Da es vor Ort ein bisschen nach Regen aussah, habe ich noch einen hochwertigen Regenschutz drübergezogen: Plastiktüte und Gepäcknetz. Man muss sich nur zu helfen wissen. 🙂
So, mittlerweile war das Paket angekommen, es konnte mit der richtigen Sitzbank weitergehen:
Es gibt nichts, was man nicht noch verbessern könnte
Bei der bestellten Grundplatte handelt es sich um einen Nachbau der späteren Modelle. Bei denen wurde wie gesagt die Zierleiste wegrationalisiert, entsprechend fehlen auch die Löcher für deren Befestigung. Kein Problem, die kann man nachträglich reinbohren. Wäre nur schade, wenn dabei der Lack abplatzt. Ich habe deshalb nicht die lackierte sondern die verzinkte Version der Grundplatte bestellt. Nach dem Bohren der Löcher habe ich die blanken Stellen mit etwas Zinkspray eingesprüht und dann alles schwarz lackiert. Das hält den Rost hoffentlich für ein paar Jahre fern.

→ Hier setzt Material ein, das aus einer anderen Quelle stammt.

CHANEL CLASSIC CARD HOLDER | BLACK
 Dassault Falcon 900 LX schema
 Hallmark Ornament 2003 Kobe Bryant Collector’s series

Außerdem habe ich mich gefragt, wie man das Eindringen von Wasser verhindern kann. Die Platte hat außen ca. 30 Löcher, wo die Haltebleche ausgestanzt sind. Außerdem in der Mitte 10 Löcher, damit beim Draufsetzen die Luft entweichen kann. Bei meinen Suzukis gibt es jeweils nur 4 Belüftungslöcher und das reicht auch. Ich habe mich deshalb entschlossen, die äußeren Löcher zu verschließen. Und auch ein paar der inneren, und zwar die drei, die bei meiner Sitzbank verrostet waren. Das Abdichten habe ich ganz unspektakulär von oben mit einem dicken Klebestreifen gemacht. Sollte es wider Erwarten Probleme bei der Entlüftung geben, kann ich das Klebeband einfach von unten durchstechen oder rausschneiden, ohne die Sitzbank zerlegen zu müssen.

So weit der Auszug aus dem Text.